:: RAW DATA ::

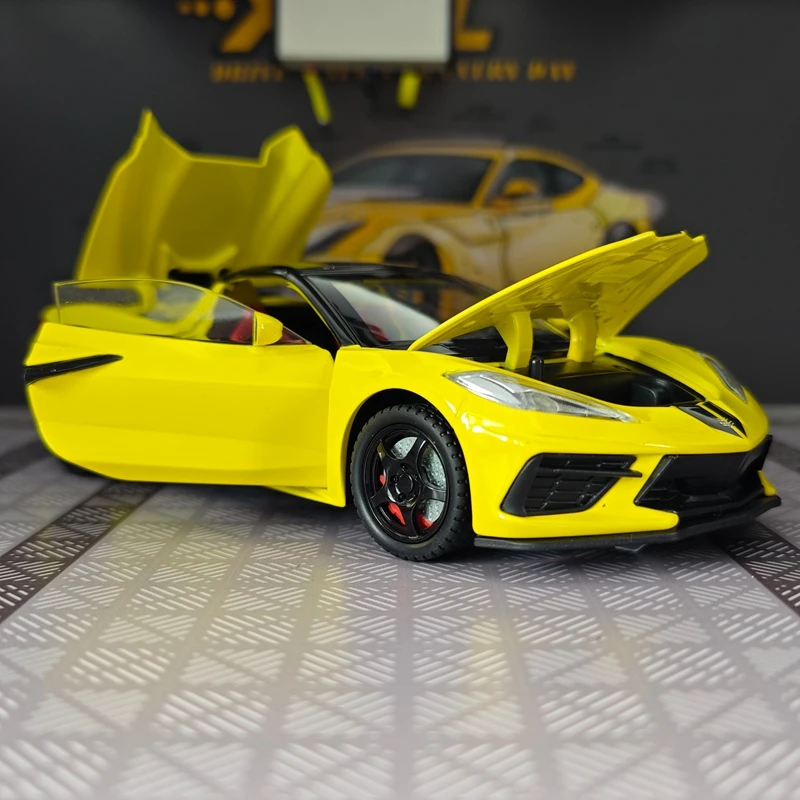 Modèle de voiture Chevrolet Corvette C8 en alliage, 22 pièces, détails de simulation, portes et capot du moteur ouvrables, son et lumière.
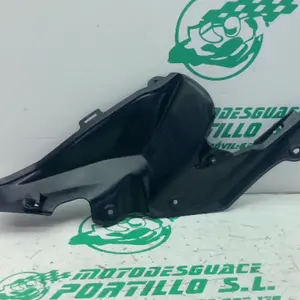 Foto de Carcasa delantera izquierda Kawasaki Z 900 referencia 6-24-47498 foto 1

---

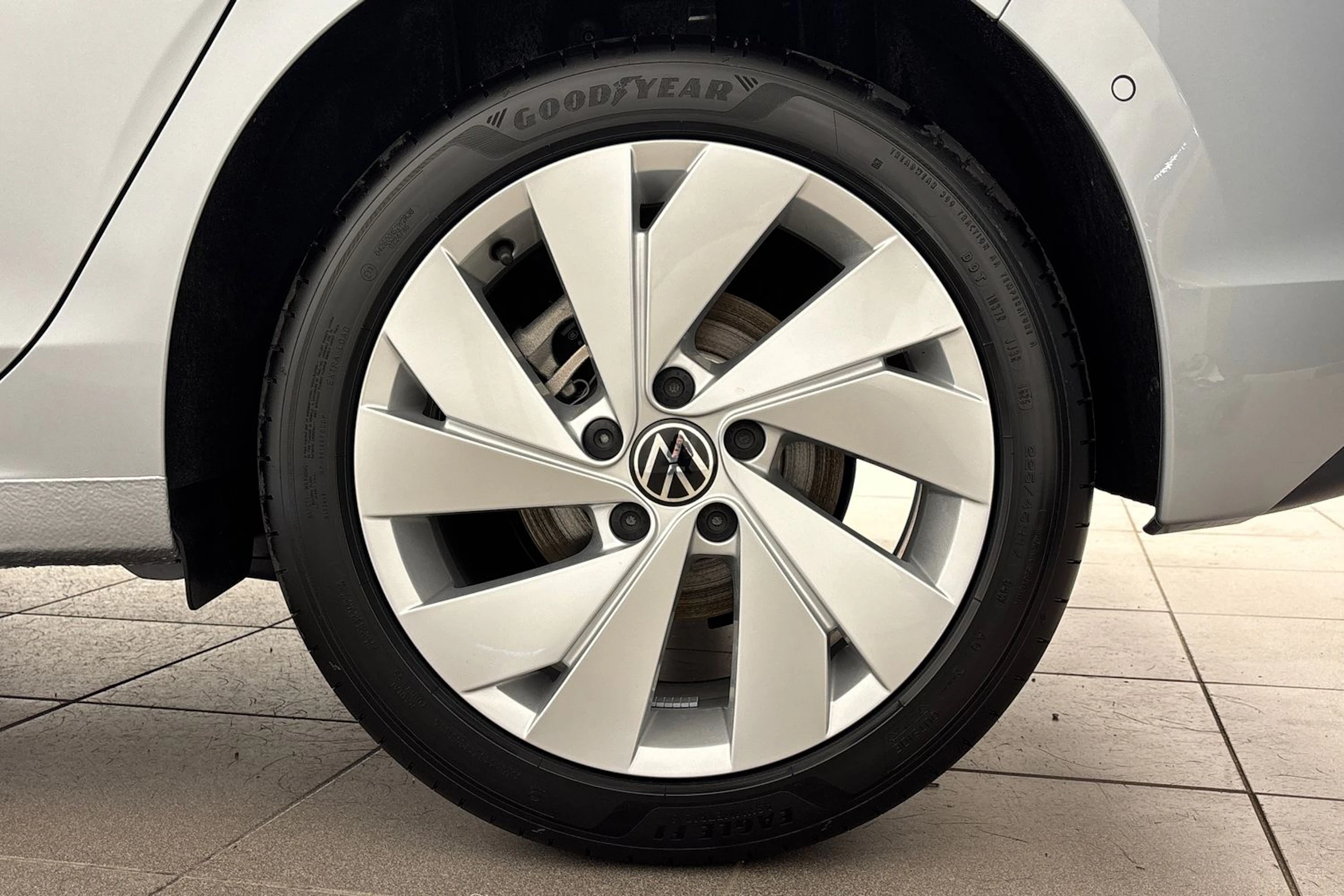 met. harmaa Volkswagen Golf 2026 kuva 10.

:: TASK STATEMENT ::
Within the entries above, the lines from the one containing "Modèle de voiture" through the one containing "Foto de Carcasa" are to be transcribed exactly, ends included, pictures excluded.

:: ANSWER FOR THE TASK ::
 Modèle de voiture Chevrolet Corvette C8 en alliage, 22 pièces, détails de simulation, portes et capot du moteur ouvrables, son et lumière.
 Foto de Carcasa delantera izquierda Kawasaki Z 900 referencia 6-24-47498 foto 1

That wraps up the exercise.